FONTANA —The Fontana Triathlon is on.
Peak Performance Professionals of Brookfield has agreed to hold the three-fold athletic event in Fontana on Sept. 21.
Village President Pat Kenny, who plans to participate in the event, said he is pleased to have Peak Performance sponsor this year’s triathlon.
“We did sign a contract, and I think we’re all happy with it,” Kenny said.
One of the contract provisions was that Peak Performance put up $10,000 in advance.
Local businesses have stepped up to show their support.
The Abbey Resort & Avani Spa is offering special room rates for triathlon participants, and Gordy’s Boat House restaurant is hosting a traditional pre-triathlon pasta dinner on the evening of Sept. 20.
“It looks like we got a full-blown triathlon,” said Tom Whowell, one of the principals in the family-owned Gordy’s.
Whowell, a former village board member and triathlete, was involved with the earlier triathlons in Fontana and helped to pull together the new event.
Interest in bringing the triathlon back to Fontana started with some triathletes who recalled the Fontana events that ran annually from the mid-1990s until 2010.
Many of those athletes had connections with Peak Performance, which provides training for triathletes as well as organizing athletic events.
A triathlon consists of three events, swimming, running and bicycling. Distances can vary.
According to the Peak Performance website, the two-day Fontana event will consist of pre-race activities, course talks and the optional pasta dinner at Gordy’s Boat House on Friday, followed by Sprint Distance and Olympic Distance races on Saturday.
There will also be a party and awards ceremony after the triathlon.
The event will start at Fontana Beach, 505 Lake St.
The earlier Fontana triathlon moved to Williams Bay. But after ownership of the event traded hands several times, the last triathlon in Williams Bay was in 2017.
That was followed by complaints that the previous event organizer had left unpaid bills to several groups and municipalities, including Williams Bay.
Whowell said the emphasis on planning for the new Fontana Triathlon was to ensure that this competition will be a “quality event.”

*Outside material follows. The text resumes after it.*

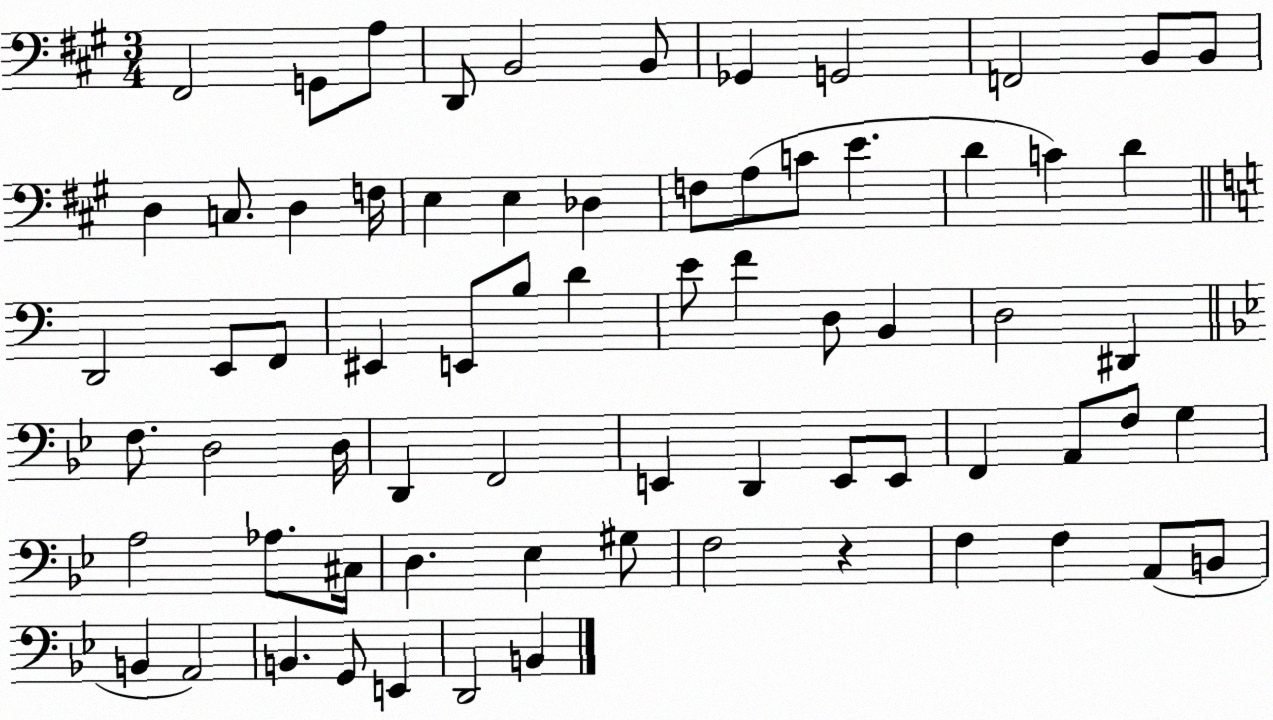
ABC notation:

For example, Peak Performance has committed to keeping the number of participants at 1,000 or fewer.
In the past, Fontana triathlons drew as many as 2,000 participants. More people bring more pressure on triathlon safety and organization, with more chances for collisions and accidents, said Whowell.
Limiting the participation numbers will hold down crowding, improve safety and make the event easier to control, Whowell said.

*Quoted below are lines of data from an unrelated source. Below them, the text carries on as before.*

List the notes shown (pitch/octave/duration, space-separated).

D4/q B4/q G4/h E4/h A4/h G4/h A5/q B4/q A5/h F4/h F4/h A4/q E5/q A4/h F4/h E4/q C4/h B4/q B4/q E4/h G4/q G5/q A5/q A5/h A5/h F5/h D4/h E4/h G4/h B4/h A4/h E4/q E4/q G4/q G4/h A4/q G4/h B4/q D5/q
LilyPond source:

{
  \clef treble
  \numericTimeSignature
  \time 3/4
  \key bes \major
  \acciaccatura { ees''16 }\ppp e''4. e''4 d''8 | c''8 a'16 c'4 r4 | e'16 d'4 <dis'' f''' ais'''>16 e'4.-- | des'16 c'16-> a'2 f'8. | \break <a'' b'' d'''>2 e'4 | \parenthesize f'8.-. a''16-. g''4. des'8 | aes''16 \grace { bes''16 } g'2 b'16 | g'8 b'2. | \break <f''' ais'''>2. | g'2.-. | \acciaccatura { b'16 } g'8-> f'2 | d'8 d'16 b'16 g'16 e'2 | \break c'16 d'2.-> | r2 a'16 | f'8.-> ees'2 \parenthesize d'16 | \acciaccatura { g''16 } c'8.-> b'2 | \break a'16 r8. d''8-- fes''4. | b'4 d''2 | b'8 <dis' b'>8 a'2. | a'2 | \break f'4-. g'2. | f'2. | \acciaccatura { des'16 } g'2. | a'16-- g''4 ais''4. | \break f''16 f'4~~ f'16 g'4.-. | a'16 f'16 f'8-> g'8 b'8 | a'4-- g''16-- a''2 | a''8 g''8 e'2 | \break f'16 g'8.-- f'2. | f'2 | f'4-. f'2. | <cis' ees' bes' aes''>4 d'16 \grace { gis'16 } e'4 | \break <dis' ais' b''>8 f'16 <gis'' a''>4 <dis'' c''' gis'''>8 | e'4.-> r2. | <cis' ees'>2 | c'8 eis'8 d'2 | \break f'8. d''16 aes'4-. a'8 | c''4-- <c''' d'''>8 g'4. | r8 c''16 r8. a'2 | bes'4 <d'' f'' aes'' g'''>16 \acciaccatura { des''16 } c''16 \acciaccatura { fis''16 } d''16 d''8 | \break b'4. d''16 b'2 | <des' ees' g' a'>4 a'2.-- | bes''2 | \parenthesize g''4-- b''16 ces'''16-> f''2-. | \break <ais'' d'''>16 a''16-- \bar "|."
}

“It’ll give us a better chance to keep it organized,” he said.
Police Chief Jeff Cates said the map for the biking and running events are still being worked out.

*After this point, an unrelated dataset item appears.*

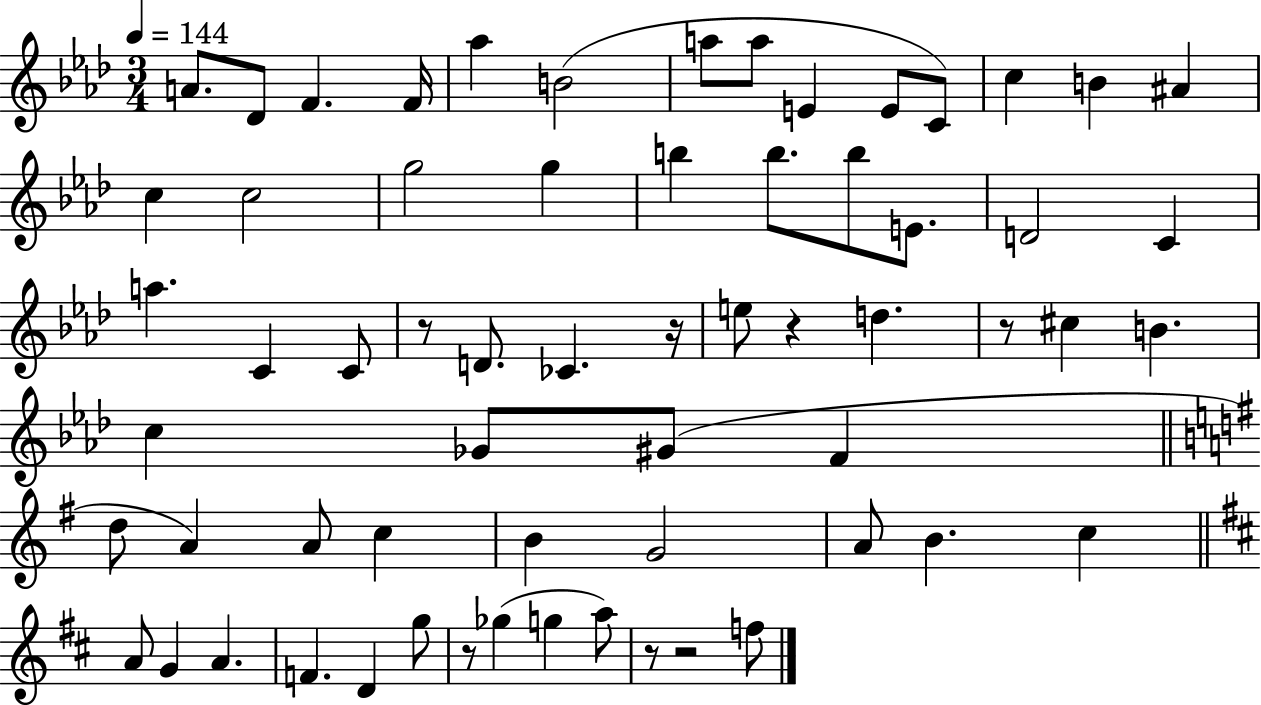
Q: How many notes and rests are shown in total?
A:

The swimming portion of the triathlon will start at the Fontana Municipal Pier.
The proposed bike route will be along South Shore Drive to Hillside Road in the town of Linn.
The run will be along North Shore Drive to Williams Bay, with the turnaround somewhere by Yerkes Observatory.
Cates said the goal was not to cross any major state highways.
“The route we chose will be friendlier to traffic,” the chief said.
With its hills, winding roads and lake, the Fontana area should be a draw for future triathlons.
“It seems this it is an absolutely ideal sporting event for this area,” Whowell said. “This is not a one-time thing. We want to make it an annual event.”
Whowell said he participated in smaller triathlons in the area years ago.
“I’m sort of aged out of it,” he said. “But I’m hoping that some of the kids or grandkids get interested in this.